The chances are very good that as you read this, Carrie Hanson and her company The Seldoms are in the midst of an intercontinental creative exchange, at work on a new piece with the Taipei-based company WCdance, who came to Chicago for the first time early this month. Hanson has found a sympathetic artist in WCdance’s founder/director WenChung Lin, a former dancer with Bill T. Jones/Arnie Zane Dance Company. The partnership seems to be a felicitous one; Hanson and The Seldoms have gained a reputation for paying particular attention to place in the creation of dances, be it an unconventional venue like an empty swimming pool or a cargo container, or, most recently, a traditional venue deconstructed. Their last production took place in various spots around the Harris Theater—the stairs, backstage, the bathrooms as much as they were able—in a meta-narrative about the audience experience.

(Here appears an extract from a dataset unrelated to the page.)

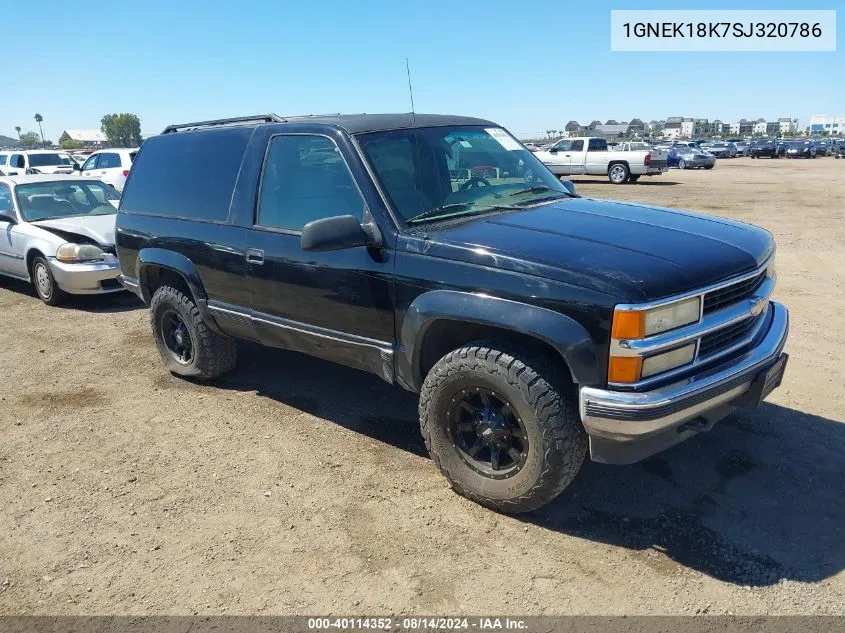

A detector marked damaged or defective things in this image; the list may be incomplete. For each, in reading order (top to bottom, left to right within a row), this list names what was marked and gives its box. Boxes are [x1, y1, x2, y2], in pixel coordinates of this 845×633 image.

white damaged sedan [0, 175, 123, 304]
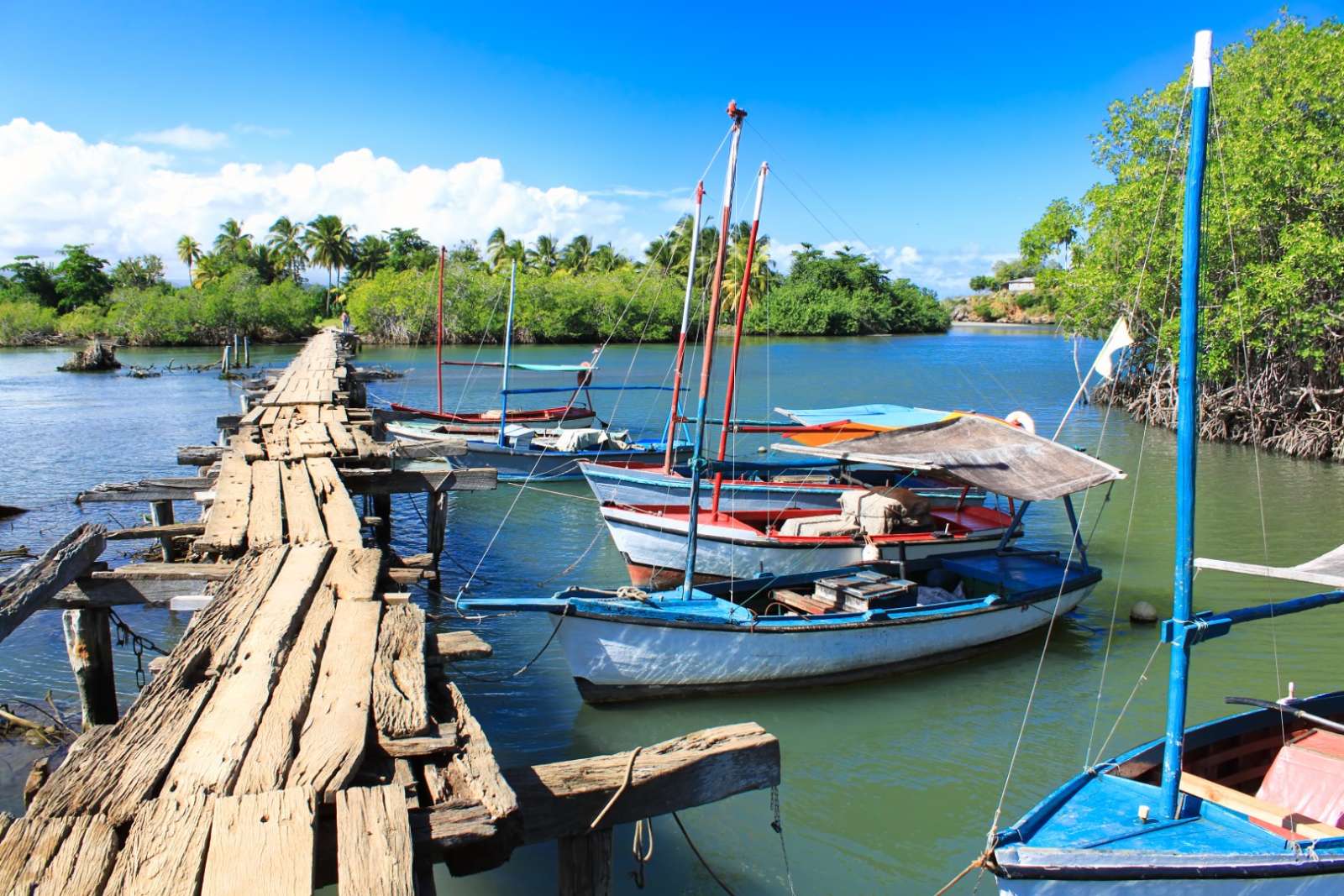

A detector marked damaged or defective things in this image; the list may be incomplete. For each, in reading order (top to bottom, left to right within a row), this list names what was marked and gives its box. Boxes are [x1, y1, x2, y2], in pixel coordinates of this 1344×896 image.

tattered canvas canopy [776, 413, 1122, 504]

Lin has dealt conceptually with space too, if not in a site-specific vein, at least in a restrictive one. He has created an ongoing series of dances (that I very much hope will be in the repertory shared part of the program) around notions of smallness, and a concept he has coined “Miniature Theater.” The first installment took place in a three-square-meter glass box, the second was set to Western and Eastern love songs in a similarly confined stage. In the third, the dancers get small, moving giant white puzzle pieces around the stage like children who have entered the world of their building blocks.

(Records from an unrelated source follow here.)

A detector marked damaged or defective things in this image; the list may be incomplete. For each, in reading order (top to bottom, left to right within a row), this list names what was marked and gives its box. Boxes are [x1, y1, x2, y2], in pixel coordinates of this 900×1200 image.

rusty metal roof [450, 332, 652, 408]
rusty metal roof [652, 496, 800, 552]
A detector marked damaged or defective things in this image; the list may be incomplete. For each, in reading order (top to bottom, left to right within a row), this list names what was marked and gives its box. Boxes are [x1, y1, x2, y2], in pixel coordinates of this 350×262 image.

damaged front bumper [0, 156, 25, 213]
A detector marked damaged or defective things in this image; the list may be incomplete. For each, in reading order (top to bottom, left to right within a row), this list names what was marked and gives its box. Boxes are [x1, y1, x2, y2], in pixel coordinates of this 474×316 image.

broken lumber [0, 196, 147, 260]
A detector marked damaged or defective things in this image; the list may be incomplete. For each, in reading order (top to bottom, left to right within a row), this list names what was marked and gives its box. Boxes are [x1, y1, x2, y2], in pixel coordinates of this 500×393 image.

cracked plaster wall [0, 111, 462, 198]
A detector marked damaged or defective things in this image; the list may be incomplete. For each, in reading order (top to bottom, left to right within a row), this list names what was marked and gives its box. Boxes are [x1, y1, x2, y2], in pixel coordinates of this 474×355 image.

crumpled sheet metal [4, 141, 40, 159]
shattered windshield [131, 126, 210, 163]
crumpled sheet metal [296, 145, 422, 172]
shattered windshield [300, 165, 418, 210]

This collaboration between the companies is first in a two-parter, made possible by a MacArthur Foundation grant; we in Chicago will see the result of a month-long collaboration at the Ruth Page Center at the end of June. Then, in November, Hanson and crew travel to Taipei to work with WCdance under Lin’s direction. We can hope the fruits of those labors make it back across the Pacific as well. (Sharon Hoyer)
At the Ruth Page Center for the Arts, 1016 North Dearborn, June 28-June 30 at 8pm, July 1 at 3pm. $20.